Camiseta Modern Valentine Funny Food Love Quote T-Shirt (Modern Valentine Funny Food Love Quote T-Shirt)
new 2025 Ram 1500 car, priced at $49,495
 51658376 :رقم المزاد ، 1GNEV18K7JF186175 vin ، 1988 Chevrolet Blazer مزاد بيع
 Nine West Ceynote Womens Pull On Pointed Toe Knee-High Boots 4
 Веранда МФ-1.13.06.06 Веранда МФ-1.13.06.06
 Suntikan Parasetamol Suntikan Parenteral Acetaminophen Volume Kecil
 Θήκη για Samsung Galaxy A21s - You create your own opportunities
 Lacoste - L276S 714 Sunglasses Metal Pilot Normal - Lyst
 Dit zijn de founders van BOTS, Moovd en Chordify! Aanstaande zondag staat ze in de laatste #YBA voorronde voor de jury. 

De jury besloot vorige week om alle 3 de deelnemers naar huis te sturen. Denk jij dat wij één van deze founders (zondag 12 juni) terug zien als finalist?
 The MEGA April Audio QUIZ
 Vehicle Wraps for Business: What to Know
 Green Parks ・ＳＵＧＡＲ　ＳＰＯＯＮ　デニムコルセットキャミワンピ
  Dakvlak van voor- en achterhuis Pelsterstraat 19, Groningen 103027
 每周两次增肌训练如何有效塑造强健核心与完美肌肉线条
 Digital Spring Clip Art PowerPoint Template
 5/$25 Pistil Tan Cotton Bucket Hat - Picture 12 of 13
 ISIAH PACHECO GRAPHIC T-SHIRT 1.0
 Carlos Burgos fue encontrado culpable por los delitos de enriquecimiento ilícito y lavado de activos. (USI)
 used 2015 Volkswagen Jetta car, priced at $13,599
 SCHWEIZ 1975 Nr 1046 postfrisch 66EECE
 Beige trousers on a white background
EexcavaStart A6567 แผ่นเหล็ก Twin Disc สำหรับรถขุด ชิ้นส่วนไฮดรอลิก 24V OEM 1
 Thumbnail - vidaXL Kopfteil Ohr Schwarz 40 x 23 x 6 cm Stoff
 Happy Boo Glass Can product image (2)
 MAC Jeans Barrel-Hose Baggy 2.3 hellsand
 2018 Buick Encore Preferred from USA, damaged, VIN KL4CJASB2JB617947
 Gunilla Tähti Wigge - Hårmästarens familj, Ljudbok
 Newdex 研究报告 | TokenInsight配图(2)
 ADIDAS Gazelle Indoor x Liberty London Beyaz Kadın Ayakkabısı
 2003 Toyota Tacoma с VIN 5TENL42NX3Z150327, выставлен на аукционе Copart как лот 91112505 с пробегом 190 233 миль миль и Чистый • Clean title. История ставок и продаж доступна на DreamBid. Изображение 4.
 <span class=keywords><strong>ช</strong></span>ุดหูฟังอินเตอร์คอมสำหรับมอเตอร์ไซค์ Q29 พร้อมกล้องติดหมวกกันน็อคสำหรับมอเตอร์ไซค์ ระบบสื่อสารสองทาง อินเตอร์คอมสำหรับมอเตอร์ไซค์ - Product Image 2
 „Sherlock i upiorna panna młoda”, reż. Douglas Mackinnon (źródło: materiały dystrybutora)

▶ Your assignment
From the records above, print exactly the lines that run from the line with "MAC Jeans Barrel-Hose Baggy 2.3 hellsand" to the line with "ADIDAS Gazelle Indoor", inclusive.

▶ Solution for this task
 MAC Jeans Barrel-Hose Baggy 2.3 hellsand
 2018 Buick Encore Preferred from USA, damaged, VIN KL4CJASB2JB617947
 Gunilla Tähti Wigge - Hårmästarens familj, Ljudbok
 Newdex 研究报告 | TokenInsight配图(2)
 ADIDAS Gazelle Indoor x Liberty London Beyaz Kadın Ayakkabısı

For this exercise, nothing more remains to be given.